_DATASET SECTION:_
###
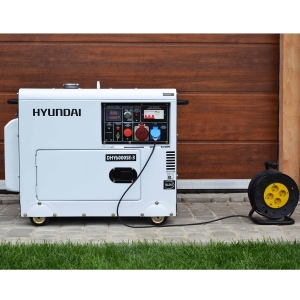 Дизельный генератор Hyundai DHY 6000 SE,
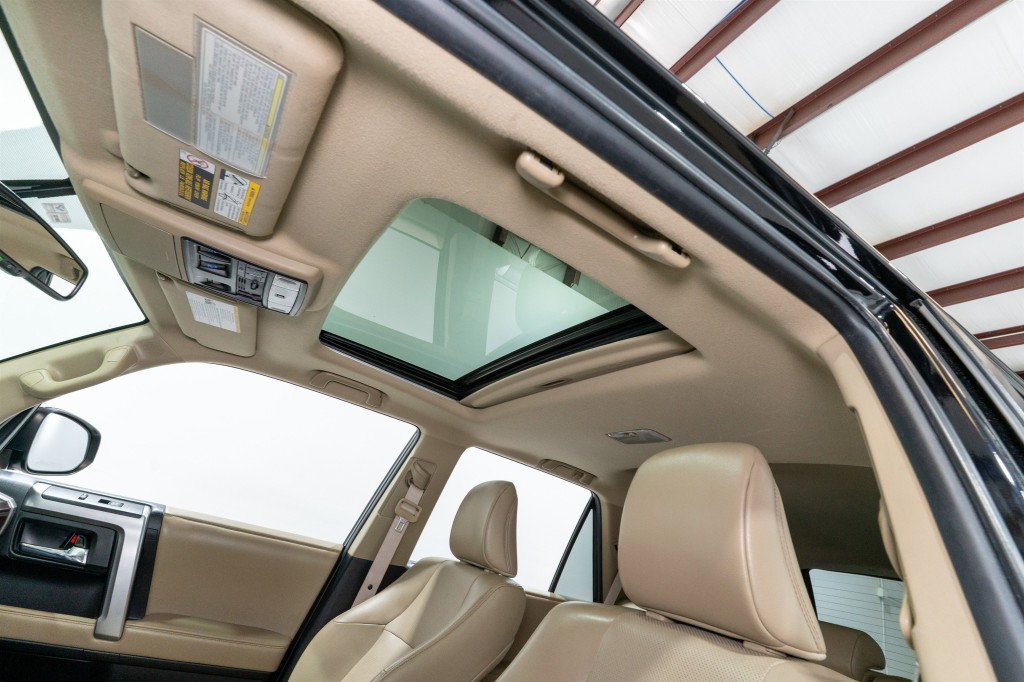 2018 Toyota 4Runner Image 16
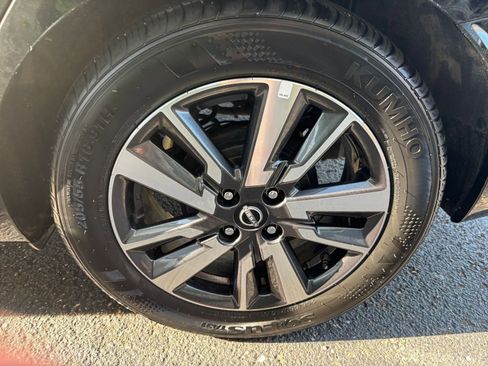 Used 2025 Nissan Versa SV image 28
###
_TASK:_
Ignore the images and quote every line of the listing exactly.

_RESPONSE AREA:_
 Дизельный генератор Hyundai DHY 6000 SE,
 2018 Toyota 4Runner Image 16
 Used 2025 Nissan Versa SV image 28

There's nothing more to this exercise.